Fifty patients with T1D were included (30 females and 21 non-caucasians), with mean age and T1D duration of 25.6 ± 5.0 and 17.9 ± 6.1 years, respectively. The mean number of HbA1c measurements/year and mean-HbA1c throughout follow-up were 2.5 ± 1.1 and 8.7 ± 1.7%. The majority (56%) of patients were using human insulin (NPH) as basal insulin while 40% used long-acting insulin analogs and 4% used continuous system of insulin infusion. For bolus injections, short-acting insulin analogues were used in 50% of the cases and regular insulin in the other half of patients. The frequency of DPN was 24% (12/50 patients). Sixteen patients fulfilled combined NSS/NDS criteria for peripheral neuropathy (NSS/NDS-PN), of which 11 were from the DPN group (Toronto criteria) and 5 from the non-DPN group. Mean NSS and NDS scores were higher in DPN than in non-DPN group (4.2 ± 3.2 vs 0.6 ± 1.8; p < 0.001 and 7.2 ± 2.0 vs 1.4 ± 2.1; p < 0.001 respectively). Sensitivity, specificity, PPV and NPV of NSS/NDS-PN for DPN were 91.7%, 86.8%, 68.8% and NPV 97.4%, respectively.

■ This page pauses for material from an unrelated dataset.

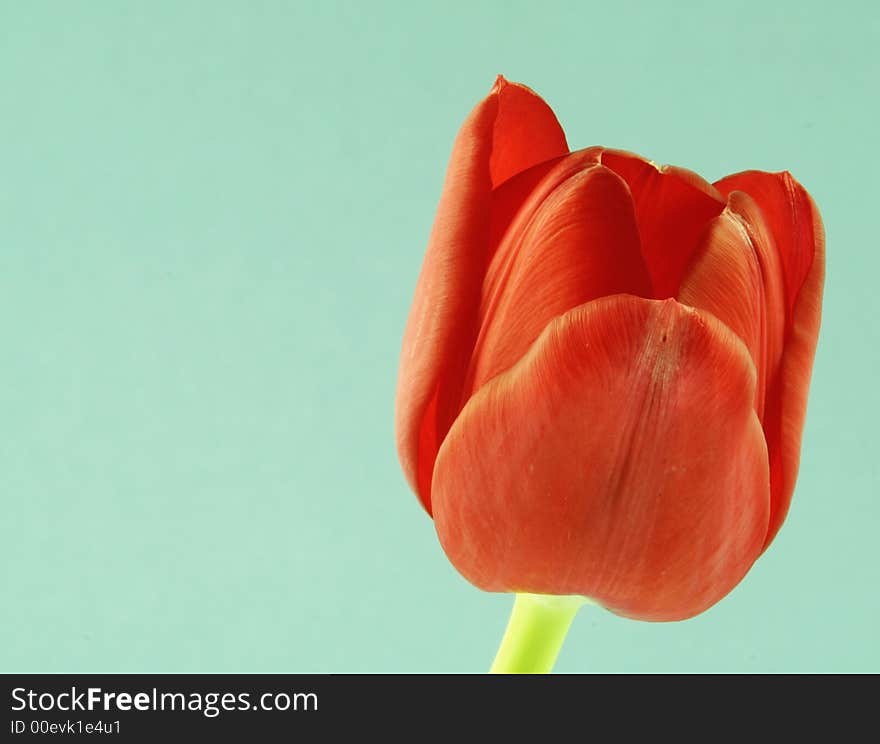 Tulip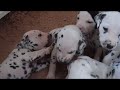 Dalmatische Puppen Dalmatische Puppen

Higher mHbA1c (10.4 ± % vs 8.1 ± %; p < 0.001), HbA1c-SD (1.8 ± 0.8 vs 0.9 ± 0.4; p < 0.001), and HbA1c-CV (1.7 ± 0.8 vs 1.2 ± 1.1; p = 0.006) were observed in patients with DPN compared to others. SD-HbA1c and CV-HbA1c were associated with DPN, diagnosed by either clinical or NCS criteria, independent of mHbA1c and other potential confounders (Table 1). Moreover, strengths of associations were higher for HbA1c variability than for mHbA1c, except for DPN diagnosed by NCS.

Table 1 Results of multivariate logistic regression for the associations between HbA1c parameters (mean and variability) and presence of peripheral neuropathy by clinical and nerve conduction studies criteria

Discussion

This study demonstrates the association between DPN and long-term HbA1c variability in patients with T1D. GV can activate overproduction of oxygen reactive species, increase production of inflammatory cytokines, induce cell apoptosis and stimulate epigenetic changes that might increase the risk of DPN [14]. Therefore, a modern approach for glycemic control should focus not only on HbA1c levels, but also on GV [15].

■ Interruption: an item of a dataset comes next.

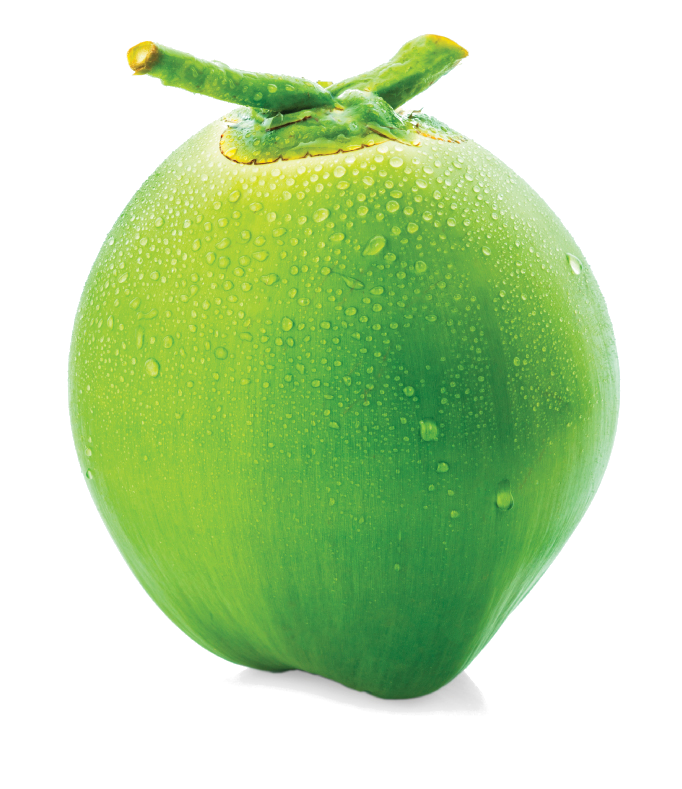 Green Coconut Organic HD Image Free Transparent PNG Image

Virk et al. were the first to study the influence of HbA1c variability for development of DPN and cardiac autonomic neuropathy (CAN), in a group of young patients with long-standing T1D [16]. HbA1c variability was associated with CAN but not with DPN. Moreover, the classic association of DPN with CAN was not present. These results were unexpected but DPN was diagnosed only with quantitative sensory testing (QST) abnormalities in thermal or vibratory threshold [16]. QST was not included in either the definition criteria of distal symmetric polyneuropathy of American Academy of Neurology [17] or Toronto expert panel in DPN due to high variability in sensibility and specificity and difficult standardization and reproducibility [10]. Therefore, those results may be related to the selection of DPN criteria. We used symptoms, signs and NCS abnormalities, making the diagnosis of DPN more accurate and robust. Recently, Su et al., with similar diagnostic criteria, showed that increased HbA1c variability is closely associated with DPN in patients with T2D [18].

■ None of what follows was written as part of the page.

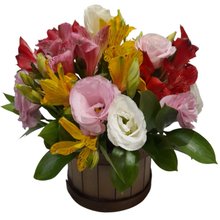 Arranjo de Astromélias e Lisianthus  Lindo Dia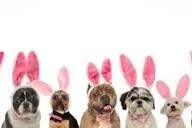 Hop Into Fun: Easter Egg Hunt for Your Pup!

Our study has limitations. We did not exclude patients with less than two HbA1c measurements per year. However, the mean number of HbA1c measurements was comparable to other longitudinal studies [19, 20]. We did not use a specific method to evaluate small sensory nerve fibers rather than neurological examination. In addition, short-term GV was not evaluated. Finally, the small sample size prevented more comprehensive statistical adjustments. Nonetheless, this was the first study to demonstrate the association of HbA1C variability over time and DPN in T1D patients.

Conclusion

Not only long-term glycemic control, but also its variability is associated with DPN in patients with T1D. Larger studies are required to confirm this finding.